Guess which group the university presidents are.

Regarding the Adrian Peterson thing... you're right. He was hurt in the regular season. They say he'll be ready to play for the January game. Yet, as you propose, would he be completely healthy for your playoffs which start the 2nd week of December?

Would you run him out there to play two or three games for the Sooners so he can collect his $50 December stipend from the NCAA?

Peterson has nothing left to prove to the NFL. He is a certain Top Five pick. Hell, he could probably skip the NFL Combine and make the Top Ten. He has a $40 to $50 million contract waiting for him in about six months. Approximately half of that money will be GUARANTEED.

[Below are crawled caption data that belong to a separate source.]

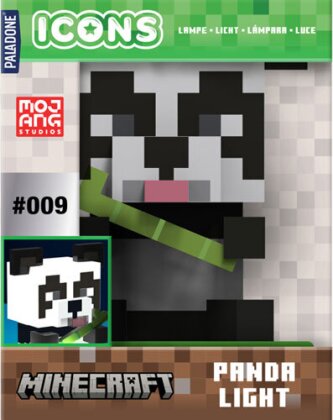 LEUCHTE Panda Minecraft Icon Paladone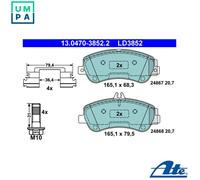 ATE 13.0470-3852.2 Brake pad set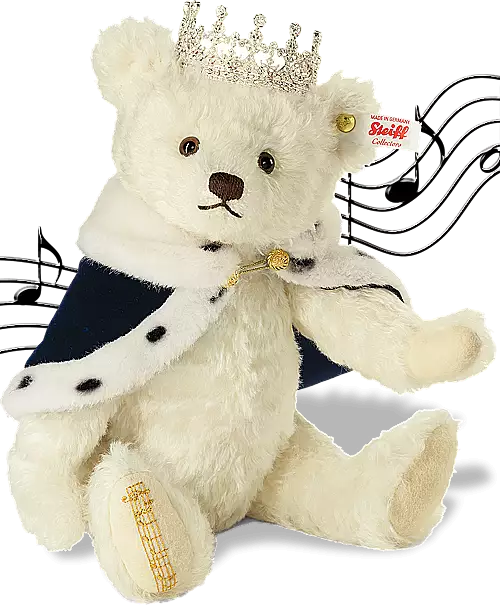 Steiff QUEEN ELIZABETH II Musical Steiff Bear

As his father, would you advise him to continuing playing for fifty bucks a month when he may or may not be completely healed? Or would you protect his future and tell him, "Son, you are about to make more money by signing your name to a contract than I ever dreamed of, even though I have worked my entire life. You are about to be in a position that many people don't get to do. That is, you will be doing exactly what you've always dreamed of with your life. You and your future kids and grand kids may never have to worry about money like the overwhelming majority of people in this country do. As your father, I can tell you this. These playoffs are not that important."?

If you would advise him to play your playoffs, then Mark Richt is exactly right. Naming a champion is indeed your ONLY goal.

December 27, 2006 | Unregistered CommenterMJ
"That is as fallacious as stating that having a playoff will be a money loser???"

BTW, Bill. I never said that. You did.

All I said was that you have to show me how playing one game in a playoff guarantees a payout of $17 million whether I win or lose..

If you can show me it makes my conference, say, $8 million, then that's fine. But given the choice between $8 million and $17 million, take a guess which one I'll choose.